The whole listing needs retyping exactly; keep the pictures out of it.

[[ Supplied data open ]]

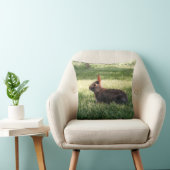 バニーウサギの枕 クッション (椅子)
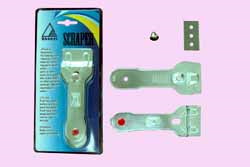 Textile Machinery Scraper Tool Set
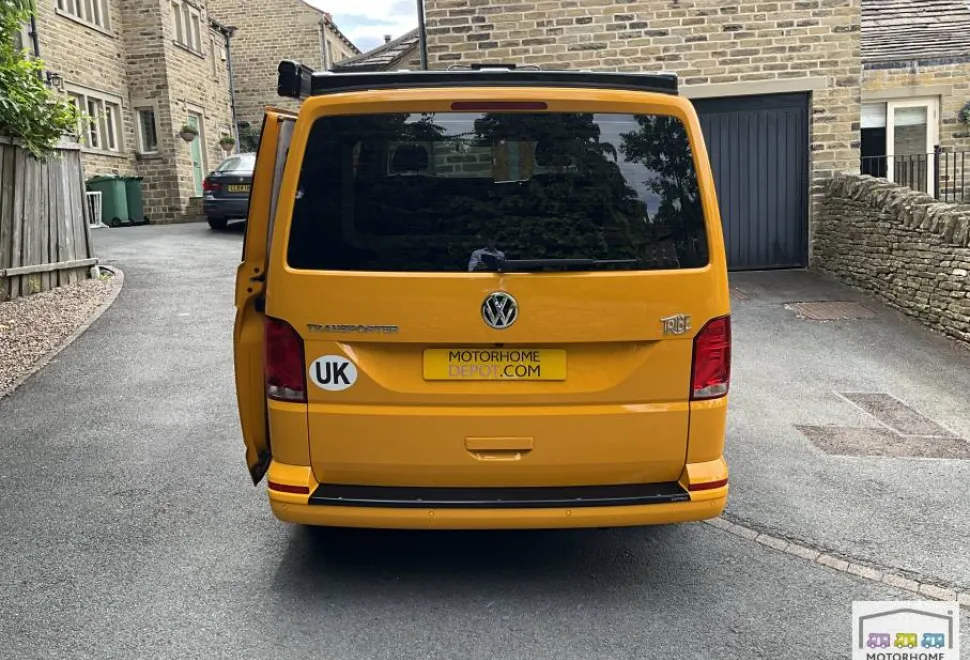 Volkswagen Transporter  2024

[[ Supplied data closed ]]

Task response:
 バニーウサギの枕 クッション (椅子)
 Textile Machinery Scraper Tool Set
 Volkswagen Transporter  2024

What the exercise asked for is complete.